Similarly, odd delayed traces 910 are interleaved with even traces
for source S2, and then the result is subtracted from the initial
traces 600 to obtain odd and even delayed traces 914 for the first
source. These traces 912 and 914 are time-aligned to form traces
916 for source S2 and traces 918 for source S1, after which they
are combined to form de-blended traces for sources S1 and S2.

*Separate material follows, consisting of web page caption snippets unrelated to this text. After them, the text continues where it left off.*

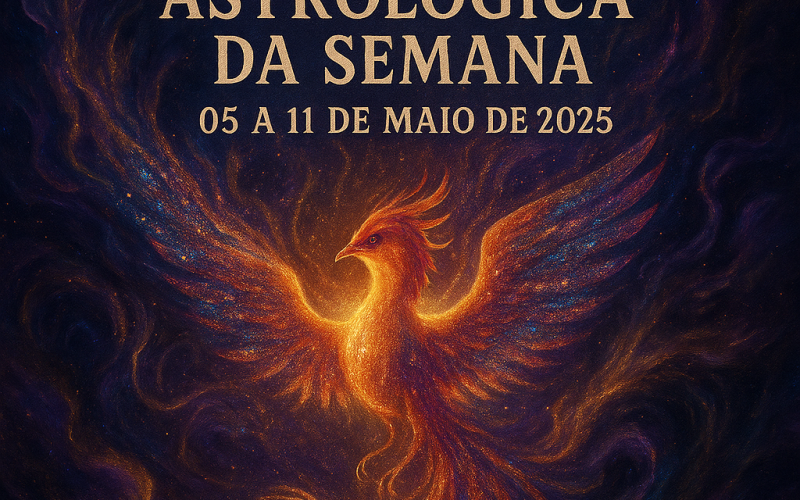 Previsão Astrológica da Semana 05 a 11 de Maio de 2025. Por uma Fênix que entende de Astros, Emoções e Realidade, com glitter, propósito e um toque de drama cósmico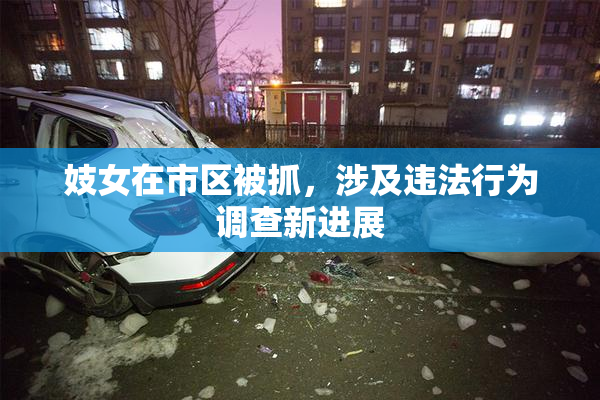 妓女在市区被抓，涉及违法行为调查新进展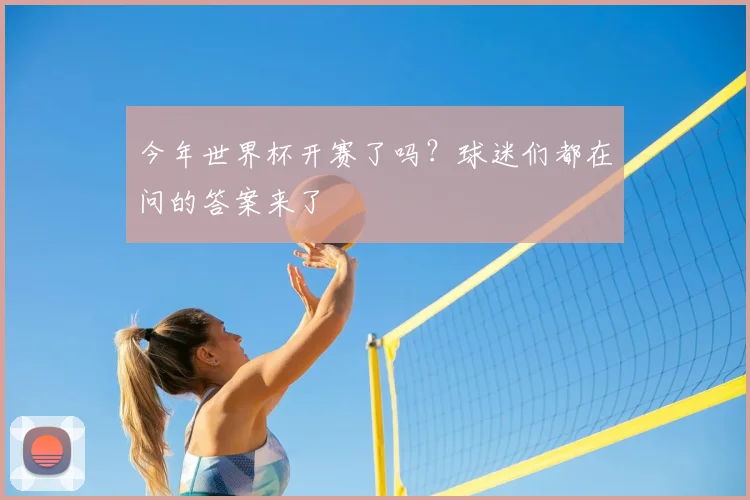 今年世界杯开赛了吗？球迷们都在问的答案来了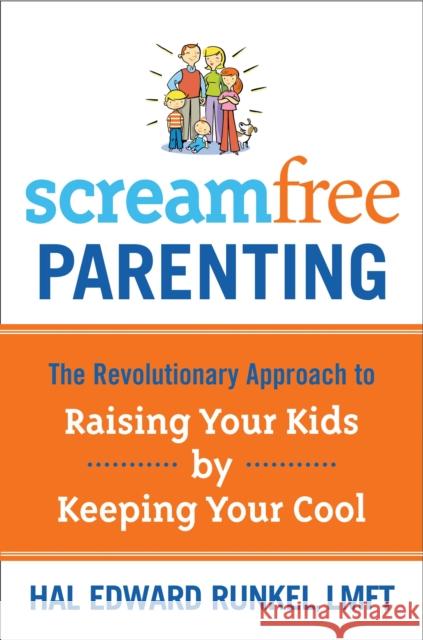 Screamfree Parenting: The Revolutionary Approach to Raising Your Kids by Keeping Your Cool Hal Edward Runkel 9781400073733 Waterbrook Press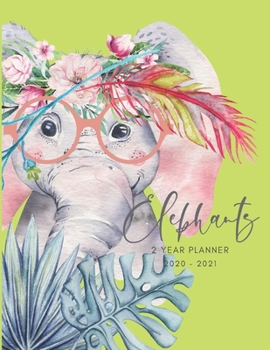 Paperback 2020-2021 2 Year Planner Elephant Watercolor Monthly Calendar Goals Agenda Schedule Organizer: 24 Months Calendar; Appointment Diary Journal With Addr Book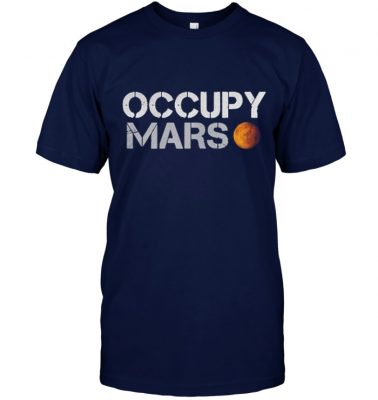 Elon musk occupy mars shirt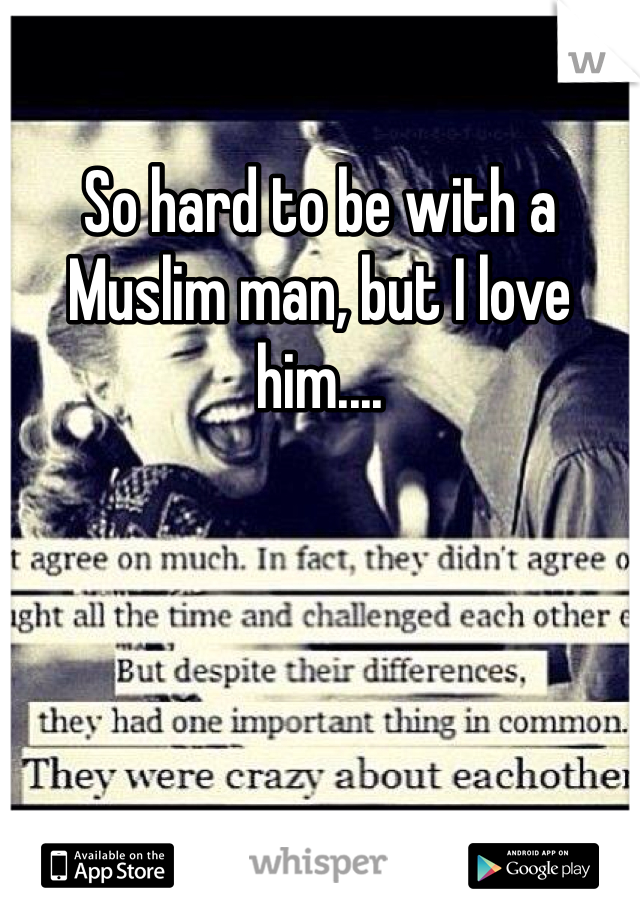 So hard to be with a Muslim man, but I love him....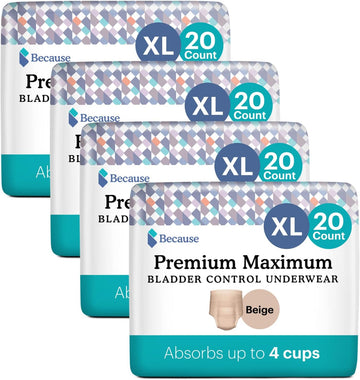 Because Premium Maximum Plus Adult Incontinence And Postpartum Bladder Leak Underwear For Women, Maximum Absorbency, Disposable, Beige, Xlarge, 80 Count (4 Packs Of 20)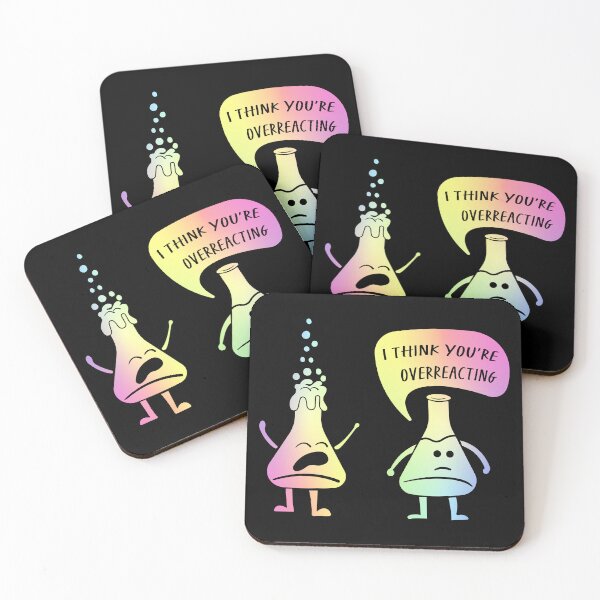 Item preview, I Think You're Overreacting – Funny Science Gift for Lab Nerds and Experiment Lovers designed and sold by ScienceCorner.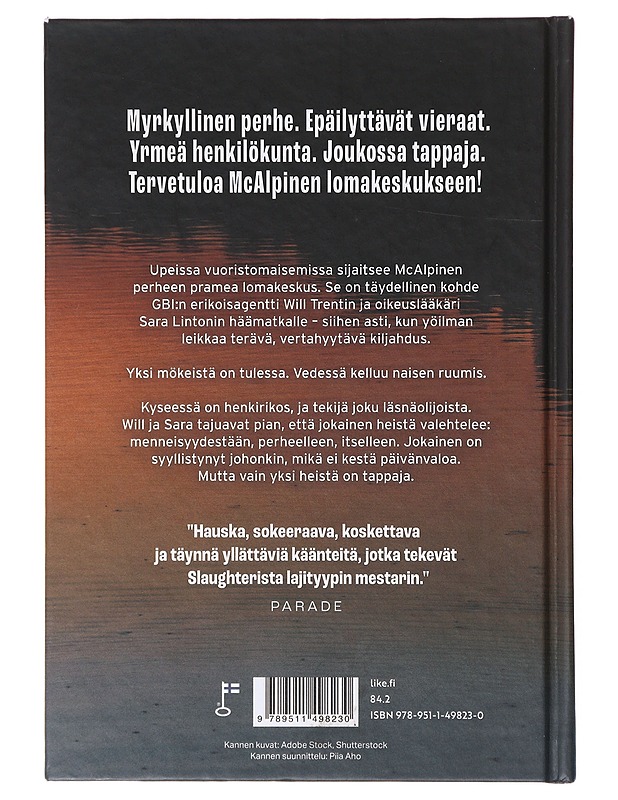 Siksi valehtelimme - Slaughter, Karin - Romaanit ja novellit - 10105642446 - 1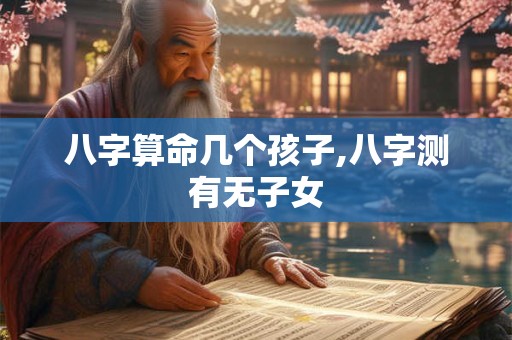 八字算命几个孩子,八字测有无子女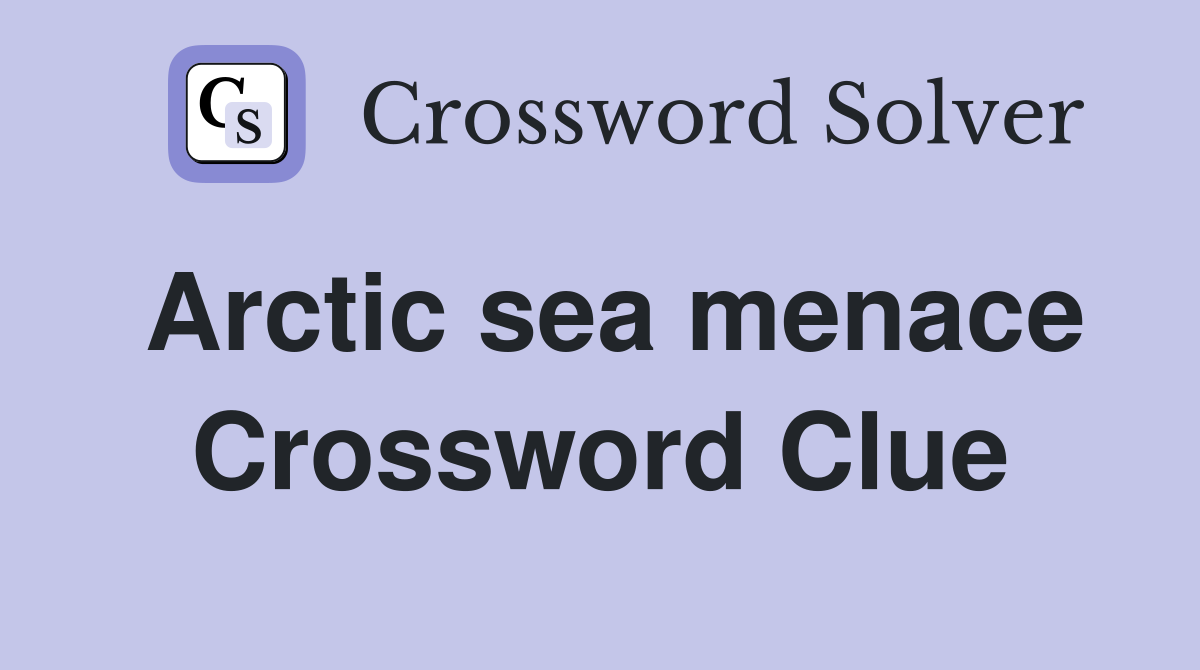 Arctic sea menace Crossword Clue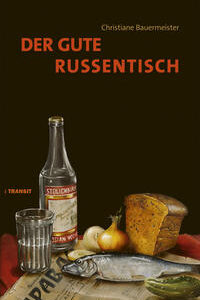 Der gute Russentisch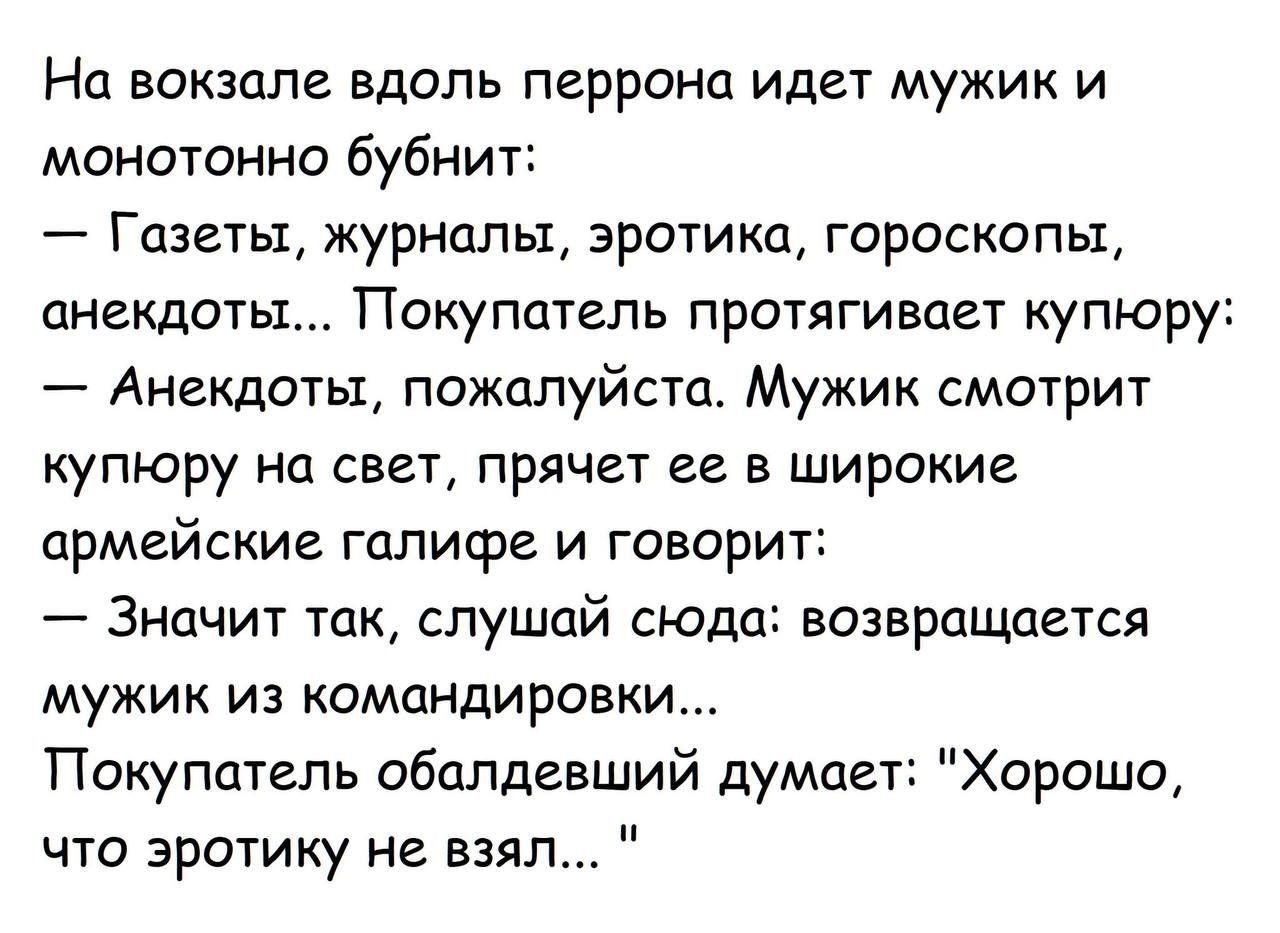 На вокзале вдоль перрона идет мужик и монотонно бубнит: — Газеты, журналы, эротика, гороскопы, анекдоты... Покупатель протягивает купюру: — Анекдоты, пожалуйста. Мужик смотрит купюру на свет, прячет ее в широкие армейские галифе и говорит: — Значит так, слушай сюда: возвращается мужик из командировки... Покупатель обалдевший думает: 
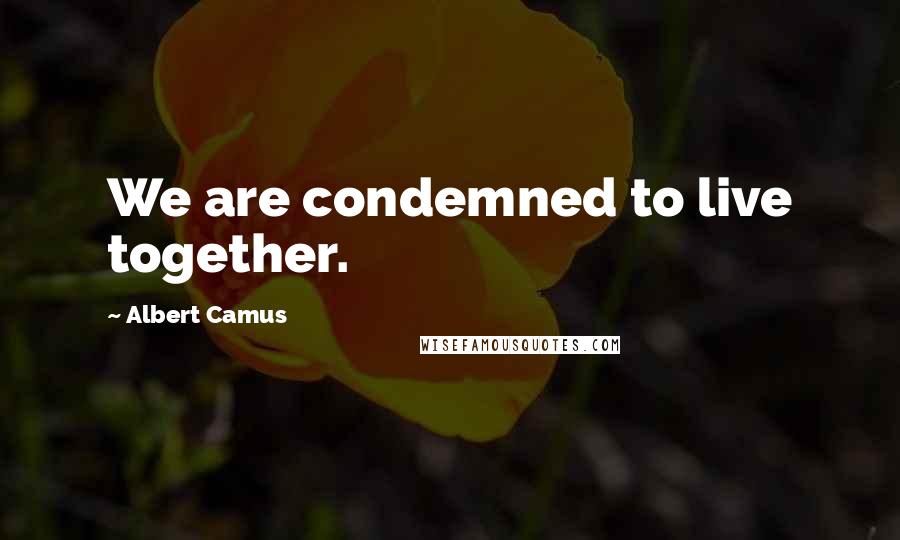 Albert Camus Quotes: We are condemned to live together.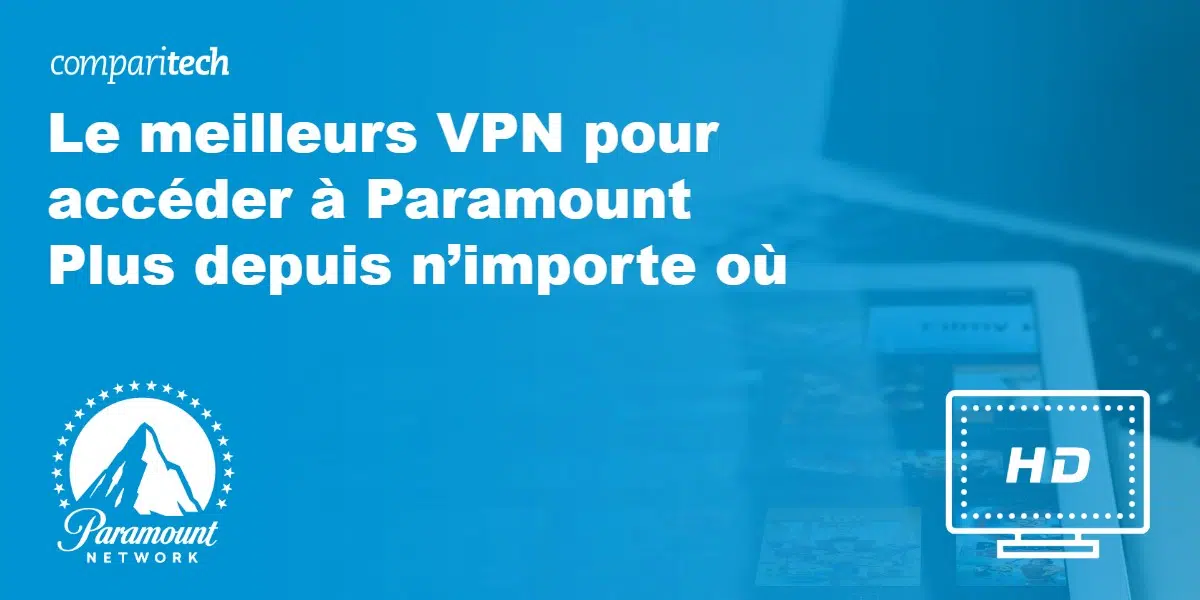  Les meilleurs VPN pour accéder au contenu de Paramount Plus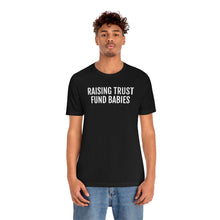 Load image into Gallery viewer, Raising Trust Fund Babies - Unisex Jersey Short Sleeve Tee - Professional Hoodrat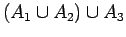 $\displaystyle (A_1 \cup A_2) \cup _3$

[0058] The process described in FIGS. 6 and 7 is summarized in the
flowchart of FIG. 10. According to FIG. 10, a method for
de-blending seismic data associated with a subsurface of the earth
includes a step 1000 of receiving initial seismic traces recorded
by plural sources; a step 1002 of de-blending, in a processor, the
initial seismic traces to generate de-blended seismic traces; and a
step 1004 of generating an image of the subsurface based on the
de-blended seismic traces. The plural seismic sources are shot with
a given pattern so that each source is shot first and the
remainders of the sources are shot with a constant time delay
relative to the first shot source.
[0059] The process described in FIGS. 8 and 9 is summarized in the
flowchart of FIG. 11. According to FIG. 11, there is a method that
includes a step 1100 of separating the estimated de-blended traces
into first source odd traces and second source even traces; a step
1102 of interpolating the first source odd traces to obtain
interpolated first source even traces; a step 1104 of time-delaying
the interpolated first source even traces with the constant time
delay to obtain time-delayed, interpolated first source even
traces; a step 1106 of subtracting from the initial seismic traces
the first source odd traces and the time-delayed, interpolated
first source even traces to obtain de-blended second source even
traces and de-blended, time-delayed odd traces; a step 1108 of
time-aligning the de-blended, time-delayed odd traces to obtain
de-blended second source odd and even traces; a step 1110 of
interpolating the second source even traces to obtain interpolated
second source odd traces; a step 1112 of time-delaying the
interpolated second source odd traces with the constant delay time
to obtain time-delayed, interpolated second source odd traces; a
step 1114 of subtracting from the initial seismic traces the second
source even traces and the time-delayed, interpolated second source
odd traces to obtain de-blended first source odd traces and
de-blended, time-delayed first source even traces; a step 1116 of
time-aligning the de-blended, time-delayed first source even traces
to obtain de-blended even and odd first source traces; and a step
1118 of combining de-blended even and odd first source traces with
the de-blended even and odd second source traces to obtain the
de-blended seismic traces.
[0060] The above-discussed embodiments were exemplified, for
simplicity, for a case in which only two sources have been fired
simultaneously, with a constant time delay. However, those skilled
in the art would recognize that these embodiments may be adapted to
fire more than two sources. For example, consider that a seismic
survey employs N sources, when N is a natural number, i.e., a
positive integer number. The sources are fired in a given pattern
according to a shooting sequence. The shooting sequence includes
plural members that are repeated in time. For example, the first
member has source S1 shot first followed, after the constant time
delay, by simultaneously shooting sources S2 to SN. The second
member has source S2 shot first followed, after the constant time
delay, by simultaneously shooting sources S3 to SN and S1. The last
member in this sequence has source SN shot first followed, after
the constant time delay, by simultaneously shooting sources S1 to
S(N-1). After this, the sequence may be repeated as many times as
necessary.
[0061] A trace recorded according to the "j" element of the
sequence is given by T.sub.j.sup.i, where "i" is the source that
was shot first for the "j" element. T.sub.j.sup.i has a first
portion (the uncontaminated portion) given by j=i, i.e.,
T.sub.i.sup.ifirst and a second contaminated portion given by
T.sub.j.sup.isecond with "j" being different from "i." A simple
possible mapping of the traces illustrated in FIG. 6A to the
above-introduced notation T.sub.j.sup.i is as follows: traces
606=T.sub.1.sup.1first; traces 610=T.sub.j.sup.1 first, with j
taking any value, traces 614 T.sub.j.sup.1first with j taking any
value different than i=1, traces 618=T.sub.j.sup.1first(t-t.sub.0),
with j taking any value different than i=1, t being the actual time
and t.sub.0 being the constant time delay.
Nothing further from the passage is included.